* Task description *
Among the entries that follow, find every line with the word "Tumbler" and list it.

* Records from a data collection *
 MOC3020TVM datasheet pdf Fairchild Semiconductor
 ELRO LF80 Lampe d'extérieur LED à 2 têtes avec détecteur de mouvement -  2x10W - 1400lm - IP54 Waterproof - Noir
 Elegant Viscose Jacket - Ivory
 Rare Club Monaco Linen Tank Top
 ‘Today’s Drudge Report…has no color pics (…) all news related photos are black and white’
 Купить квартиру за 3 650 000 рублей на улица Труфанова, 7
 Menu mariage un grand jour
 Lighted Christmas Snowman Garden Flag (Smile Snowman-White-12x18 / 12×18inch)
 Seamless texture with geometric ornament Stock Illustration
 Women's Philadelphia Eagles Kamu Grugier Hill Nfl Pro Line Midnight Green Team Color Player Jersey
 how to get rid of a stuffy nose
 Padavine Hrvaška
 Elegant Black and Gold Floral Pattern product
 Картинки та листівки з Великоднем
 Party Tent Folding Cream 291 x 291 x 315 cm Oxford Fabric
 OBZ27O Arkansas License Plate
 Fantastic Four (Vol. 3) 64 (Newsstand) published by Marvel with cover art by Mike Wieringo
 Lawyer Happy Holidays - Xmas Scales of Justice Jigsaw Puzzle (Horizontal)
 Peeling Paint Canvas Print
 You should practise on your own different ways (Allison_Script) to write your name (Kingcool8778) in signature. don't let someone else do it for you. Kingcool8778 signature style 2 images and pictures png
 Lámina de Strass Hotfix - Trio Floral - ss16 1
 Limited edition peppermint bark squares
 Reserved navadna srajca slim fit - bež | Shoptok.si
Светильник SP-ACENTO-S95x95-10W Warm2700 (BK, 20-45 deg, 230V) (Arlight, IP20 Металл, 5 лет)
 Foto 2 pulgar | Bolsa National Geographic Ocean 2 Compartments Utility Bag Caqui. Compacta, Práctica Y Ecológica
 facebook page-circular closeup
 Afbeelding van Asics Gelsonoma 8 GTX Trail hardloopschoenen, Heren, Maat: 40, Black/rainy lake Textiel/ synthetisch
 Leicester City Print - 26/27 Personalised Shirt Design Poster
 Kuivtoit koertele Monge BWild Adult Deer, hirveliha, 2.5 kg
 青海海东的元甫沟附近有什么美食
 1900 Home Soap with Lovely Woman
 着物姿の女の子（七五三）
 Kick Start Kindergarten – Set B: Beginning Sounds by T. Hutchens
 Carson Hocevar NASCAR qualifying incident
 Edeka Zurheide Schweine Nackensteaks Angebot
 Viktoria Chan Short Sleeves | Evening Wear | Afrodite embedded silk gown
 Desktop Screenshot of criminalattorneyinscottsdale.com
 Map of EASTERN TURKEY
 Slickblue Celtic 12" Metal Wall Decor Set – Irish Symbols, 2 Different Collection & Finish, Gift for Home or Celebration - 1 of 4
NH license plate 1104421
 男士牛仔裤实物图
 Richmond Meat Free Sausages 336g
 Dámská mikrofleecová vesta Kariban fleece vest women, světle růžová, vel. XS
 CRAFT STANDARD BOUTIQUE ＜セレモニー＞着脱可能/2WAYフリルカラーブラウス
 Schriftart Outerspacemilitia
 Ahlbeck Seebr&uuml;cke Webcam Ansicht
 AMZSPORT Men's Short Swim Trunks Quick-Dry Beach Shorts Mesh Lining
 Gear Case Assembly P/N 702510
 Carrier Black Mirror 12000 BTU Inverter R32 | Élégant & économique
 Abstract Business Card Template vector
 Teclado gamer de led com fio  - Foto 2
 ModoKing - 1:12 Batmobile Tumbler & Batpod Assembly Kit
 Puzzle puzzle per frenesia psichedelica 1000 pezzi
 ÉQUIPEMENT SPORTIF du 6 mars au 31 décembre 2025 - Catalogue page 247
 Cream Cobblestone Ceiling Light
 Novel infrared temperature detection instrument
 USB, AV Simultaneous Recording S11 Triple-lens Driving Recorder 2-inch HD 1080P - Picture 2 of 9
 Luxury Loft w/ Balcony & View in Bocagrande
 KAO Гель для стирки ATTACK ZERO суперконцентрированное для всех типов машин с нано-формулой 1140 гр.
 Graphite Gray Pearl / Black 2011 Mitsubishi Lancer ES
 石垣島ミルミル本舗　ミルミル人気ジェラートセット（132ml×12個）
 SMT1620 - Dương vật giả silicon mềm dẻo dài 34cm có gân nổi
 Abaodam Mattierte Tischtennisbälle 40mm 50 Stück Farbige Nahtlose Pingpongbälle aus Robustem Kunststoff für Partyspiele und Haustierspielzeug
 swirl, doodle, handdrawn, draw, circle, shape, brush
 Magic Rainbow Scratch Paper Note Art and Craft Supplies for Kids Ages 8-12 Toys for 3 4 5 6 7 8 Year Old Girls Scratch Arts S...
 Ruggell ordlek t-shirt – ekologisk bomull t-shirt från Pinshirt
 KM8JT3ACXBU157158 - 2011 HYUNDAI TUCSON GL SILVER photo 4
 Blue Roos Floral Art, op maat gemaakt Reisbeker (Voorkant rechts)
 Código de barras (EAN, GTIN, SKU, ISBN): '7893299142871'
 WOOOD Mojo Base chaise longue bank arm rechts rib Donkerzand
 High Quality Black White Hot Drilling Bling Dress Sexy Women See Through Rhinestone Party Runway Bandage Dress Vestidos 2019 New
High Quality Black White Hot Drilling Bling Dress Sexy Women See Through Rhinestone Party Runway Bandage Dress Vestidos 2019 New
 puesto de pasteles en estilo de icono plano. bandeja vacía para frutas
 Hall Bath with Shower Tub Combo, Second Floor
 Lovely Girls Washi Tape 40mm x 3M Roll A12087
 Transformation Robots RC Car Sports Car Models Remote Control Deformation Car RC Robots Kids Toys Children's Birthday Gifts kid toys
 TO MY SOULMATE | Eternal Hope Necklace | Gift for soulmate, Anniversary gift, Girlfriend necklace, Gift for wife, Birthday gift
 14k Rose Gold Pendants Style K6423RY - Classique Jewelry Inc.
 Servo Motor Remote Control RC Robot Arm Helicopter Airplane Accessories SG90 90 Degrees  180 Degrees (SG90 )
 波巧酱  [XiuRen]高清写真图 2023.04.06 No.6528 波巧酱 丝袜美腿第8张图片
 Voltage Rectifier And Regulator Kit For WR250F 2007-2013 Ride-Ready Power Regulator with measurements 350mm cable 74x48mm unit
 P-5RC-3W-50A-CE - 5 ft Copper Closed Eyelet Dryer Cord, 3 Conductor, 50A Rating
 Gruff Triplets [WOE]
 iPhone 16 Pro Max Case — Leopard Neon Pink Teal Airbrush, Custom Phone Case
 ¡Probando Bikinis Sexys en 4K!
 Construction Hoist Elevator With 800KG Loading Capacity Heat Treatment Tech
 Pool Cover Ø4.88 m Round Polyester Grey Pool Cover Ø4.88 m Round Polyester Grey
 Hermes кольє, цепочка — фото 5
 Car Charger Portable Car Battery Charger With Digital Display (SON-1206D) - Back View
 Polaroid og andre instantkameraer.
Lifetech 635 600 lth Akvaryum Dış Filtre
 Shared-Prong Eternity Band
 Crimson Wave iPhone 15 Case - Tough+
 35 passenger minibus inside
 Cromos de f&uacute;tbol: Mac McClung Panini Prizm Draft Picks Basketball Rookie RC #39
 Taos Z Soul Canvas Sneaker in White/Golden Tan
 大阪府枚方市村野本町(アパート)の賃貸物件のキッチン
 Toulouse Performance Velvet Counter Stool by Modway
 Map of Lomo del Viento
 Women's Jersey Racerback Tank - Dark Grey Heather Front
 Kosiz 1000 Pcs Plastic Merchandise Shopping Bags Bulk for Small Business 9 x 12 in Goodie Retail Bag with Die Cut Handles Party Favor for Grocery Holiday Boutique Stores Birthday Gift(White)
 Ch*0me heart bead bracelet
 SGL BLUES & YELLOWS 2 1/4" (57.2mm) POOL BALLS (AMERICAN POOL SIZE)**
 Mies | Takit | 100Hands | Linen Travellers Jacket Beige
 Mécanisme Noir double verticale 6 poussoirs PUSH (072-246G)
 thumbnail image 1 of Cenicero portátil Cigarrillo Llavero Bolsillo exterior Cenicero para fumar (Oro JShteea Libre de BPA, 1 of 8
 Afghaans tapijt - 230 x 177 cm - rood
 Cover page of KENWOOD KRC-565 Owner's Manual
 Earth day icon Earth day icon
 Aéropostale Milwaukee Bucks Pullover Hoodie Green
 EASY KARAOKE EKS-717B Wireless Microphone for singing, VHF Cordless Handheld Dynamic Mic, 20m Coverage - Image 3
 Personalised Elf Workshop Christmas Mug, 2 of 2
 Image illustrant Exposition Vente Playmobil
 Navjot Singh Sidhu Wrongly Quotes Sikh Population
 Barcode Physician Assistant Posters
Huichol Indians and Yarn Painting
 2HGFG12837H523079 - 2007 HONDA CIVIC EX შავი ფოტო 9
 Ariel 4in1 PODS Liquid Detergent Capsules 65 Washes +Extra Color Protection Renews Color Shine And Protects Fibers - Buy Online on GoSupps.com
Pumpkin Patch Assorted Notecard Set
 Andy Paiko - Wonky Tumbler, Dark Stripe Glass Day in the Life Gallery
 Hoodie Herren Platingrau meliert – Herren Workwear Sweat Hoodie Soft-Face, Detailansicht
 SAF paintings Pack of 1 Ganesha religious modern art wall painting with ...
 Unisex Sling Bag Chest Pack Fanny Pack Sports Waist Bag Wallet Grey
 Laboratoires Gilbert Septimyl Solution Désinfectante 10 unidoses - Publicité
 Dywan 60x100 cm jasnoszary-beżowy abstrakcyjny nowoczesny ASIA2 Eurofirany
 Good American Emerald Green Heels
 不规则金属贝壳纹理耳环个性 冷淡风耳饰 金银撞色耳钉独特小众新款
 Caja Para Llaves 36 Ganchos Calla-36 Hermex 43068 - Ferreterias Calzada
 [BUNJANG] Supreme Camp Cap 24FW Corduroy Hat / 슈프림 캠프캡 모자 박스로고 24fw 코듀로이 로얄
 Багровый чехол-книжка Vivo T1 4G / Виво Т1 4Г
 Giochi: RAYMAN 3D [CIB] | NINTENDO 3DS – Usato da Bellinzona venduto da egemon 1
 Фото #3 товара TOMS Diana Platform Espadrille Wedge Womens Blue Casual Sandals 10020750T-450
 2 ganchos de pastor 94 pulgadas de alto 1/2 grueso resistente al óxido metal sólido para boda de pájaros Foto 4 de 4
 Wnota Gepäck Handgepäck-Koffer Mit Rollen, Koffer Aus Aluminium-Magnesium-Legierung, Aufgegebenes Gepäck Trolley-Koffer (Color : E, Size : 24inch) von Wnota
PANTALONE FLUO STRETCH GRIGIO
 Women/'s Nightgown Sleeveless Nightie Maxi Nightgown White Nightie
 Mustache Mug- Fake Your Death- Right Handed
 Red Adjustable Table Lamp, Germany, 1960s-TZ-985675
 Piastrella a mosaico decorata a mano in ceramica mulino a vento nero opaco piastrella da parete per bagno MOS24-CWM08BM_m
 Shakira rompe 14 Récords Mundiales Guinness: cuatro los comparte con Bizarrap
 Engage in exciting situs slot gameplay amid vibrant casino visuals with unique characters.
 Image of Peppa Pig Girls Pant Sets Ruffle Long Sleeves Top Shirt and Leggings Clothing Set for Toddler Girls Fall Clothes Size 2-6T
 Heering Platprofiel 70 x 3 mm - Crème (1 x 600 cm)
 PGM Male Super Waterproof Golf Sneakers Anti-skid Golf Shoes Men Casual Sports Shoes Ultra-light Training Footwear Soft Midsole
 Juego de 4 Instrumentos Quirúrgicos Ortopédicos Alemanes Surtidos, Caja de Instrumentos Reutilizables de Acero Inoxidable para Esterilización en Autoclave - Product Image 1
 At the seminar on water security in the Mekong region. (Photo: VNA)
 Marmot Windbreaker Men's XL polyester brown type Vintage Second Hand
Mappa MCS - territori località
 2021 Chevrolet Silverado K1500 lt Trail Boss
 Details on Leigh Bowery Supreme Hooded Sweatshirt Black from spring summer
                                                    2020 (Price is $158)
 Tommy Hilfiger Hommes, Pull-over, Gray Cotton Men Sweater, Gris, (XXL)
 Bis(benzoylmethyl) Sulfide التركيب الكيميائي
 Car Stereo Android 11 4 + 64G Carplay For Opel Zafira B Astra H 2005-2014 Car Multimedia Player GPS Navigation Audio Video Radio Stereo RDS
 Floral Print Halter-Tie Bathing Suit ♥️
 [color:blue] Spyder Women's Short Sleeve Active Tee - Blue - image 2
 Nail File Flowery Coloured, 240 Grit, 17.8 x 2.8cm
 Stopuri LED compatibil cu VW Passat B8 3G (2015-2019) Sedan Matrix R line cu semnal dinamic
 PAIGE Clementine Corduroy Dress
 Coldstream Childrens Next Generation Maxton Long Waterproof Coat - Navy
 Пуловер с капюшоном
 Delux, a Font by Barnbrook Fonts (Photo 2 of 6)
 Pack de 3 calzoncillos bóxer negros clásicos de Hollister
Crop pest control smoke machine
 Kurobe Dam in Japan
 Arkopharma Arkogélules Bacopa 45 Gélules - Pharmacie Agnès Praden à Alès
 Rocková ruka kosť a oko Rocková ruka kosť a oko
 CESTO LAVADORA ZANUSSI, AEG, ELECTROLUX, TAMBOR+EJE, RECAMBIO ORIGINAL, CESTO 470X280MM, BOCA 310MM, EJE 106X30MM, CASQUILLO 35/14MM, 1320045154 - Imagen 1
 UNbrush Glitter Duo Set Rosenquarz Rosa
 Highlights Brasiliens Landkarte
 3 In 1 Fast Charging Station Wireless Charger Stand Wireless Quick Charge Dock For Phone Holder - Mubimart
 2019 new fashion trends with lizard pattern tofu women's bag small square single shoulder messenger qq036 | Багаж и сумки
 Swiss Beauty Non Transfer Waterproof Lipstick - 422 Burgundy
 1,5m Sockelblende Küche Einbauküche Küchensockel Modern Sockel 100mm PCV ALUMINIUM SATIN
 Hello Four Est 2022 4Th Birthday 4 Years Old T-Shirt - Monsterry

* Answer to the exercise *
 ModoKing - 1:12 Batmobile Tumbler & Batpod Assembly Kit
 Andy Paiko - Wonky Tumbler, Dark Stripe Glass Day in the Life Gallery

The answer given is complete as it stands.